The chart below shows the top 20 busiest U.S. airports, based on the number of scheduled flights serviced (in both directions, as the origin and destination) on an annual basis. Without information on passenger count and seat capacity, we miss a complete picture of how busy an airport really is. Regardless of how it could be measured, ATL (Hartsfield-Jackson Atlanta) takes the top spot by far. No surprise here; ATL has held this rank for over the past decade. ORD (Chicago O’Hare) trails second, followed by DFW (Dallas/Fort Worth).

Where does LAS come in? In 11th place, handling over 322,000 flights. The Las Vegas metro area is home to only ~2.2 million residents, the smallest population amongst all the metro areas serviced by these top airports, so LAS’ rank is heavily driven by the region’s tourism-based economy.

Q2. When were the busiest months for travel at LAS?

# QUERY
q2_fltMonth <- dbGetQuery(db, "SELECT month,
       SUM(num_flights) AS num_flights
  FROM flights
 WHERE dest = 'LAS' OR 
       origin = 'LAS'
 GROUP BY month
 ORDER BY num_flights;")

Tourism levels can vary significantly depending on the type of vacation and business destination a region is considered to be. For Las Vegas, the city attracts visitors year round, so it does not have well-defined high and low tourism seasons.

This is reflected in the chart below, where the number of scheduled flights were fairly consistent from month to month. An exception was February, when there was a noticeable drop in flight activity. However, this is generally true for airports throughout the U.S. in general. Also, October saw an uptick from the previous month, but it should be compared to other years to determine if it was an aberration.

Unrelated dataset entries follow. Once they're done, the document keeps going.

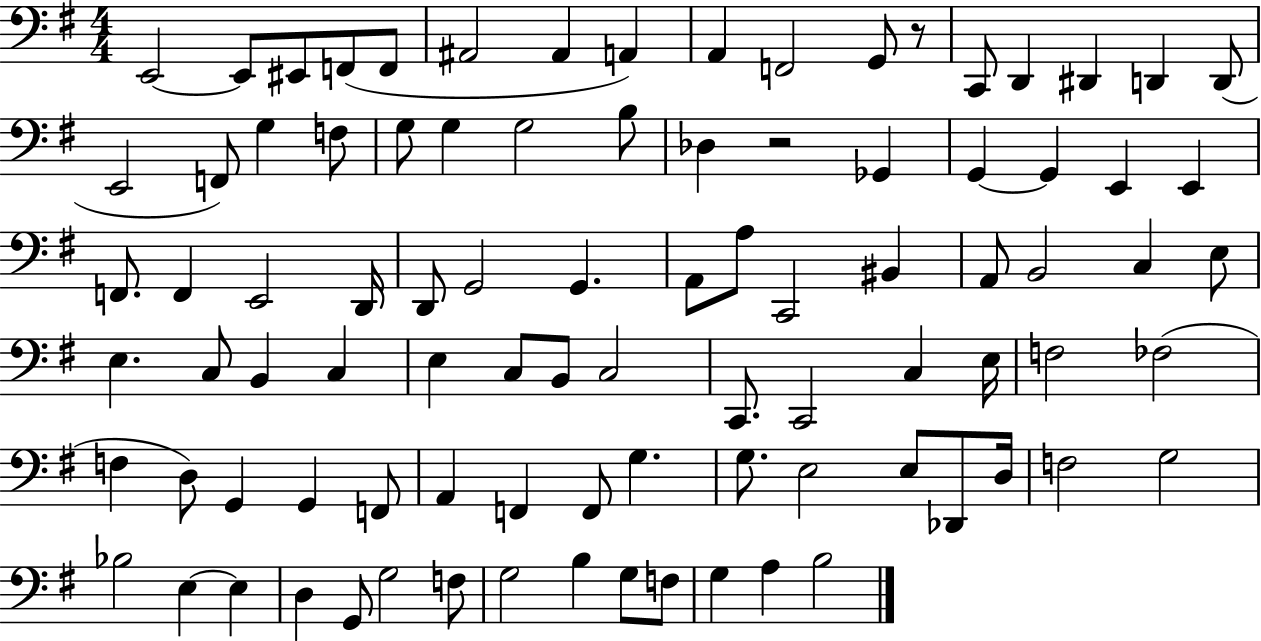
X:1
T:Untitled
M:4/4
L:1/4
K:G
E,,2 E,,/2 ^E,,/2 F,,/2 F,,/2 ^A,,2 ^A,, A,, A,, F,,2 G,,/2 z/2 C,,/2 D,, ^D,, D,, D,,/2 E,,2 F,,/2 G, F,/2 G,/2 G, G,2 B,/2 _D, z2 _G,, G,, G,, E,, E,, F,,/2 F,, E,,2 D,,/4 D,,/2 G,,2 G,, A,,/2 A,/2 C,,2 ^B,, A,,/2 B,,2 C, E,/2 E, C,/2 B,, C, E, C,/2 B,,/2 C,2 C,,/2 C,,2 C, E,/4 F,2 _F,2 F, D,/2 G,, G,, F,,/2 A,, F,, F,,/2 G, G,/2 E,2 E,/2 _D,,/2 D,/4 F,2 G,2 _B,2 E, E, D, G,,/2 G,2 F,/2 G,2 B, G,/2 F,/2 G, A, B,2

Q3. What were the busiest days of the week at LAS?

# QUERY
q3_fltDay <- dbGetQuery(db, "SELECT dayofwk,
       days.day AS day,
       SUM(num_flights) AS num_flights
  FROM flights
       LEFT JOIN
       days ON flights.dayofwk = days.code
 WHERE origin = 'LAS' OR 
       dest = 'LAS'
 GROUP BY dayofwk;")

Mondays, Thursdays, Fridays, and Sundays were likewise the busiest days in terms of scheduled flights to and from LAS.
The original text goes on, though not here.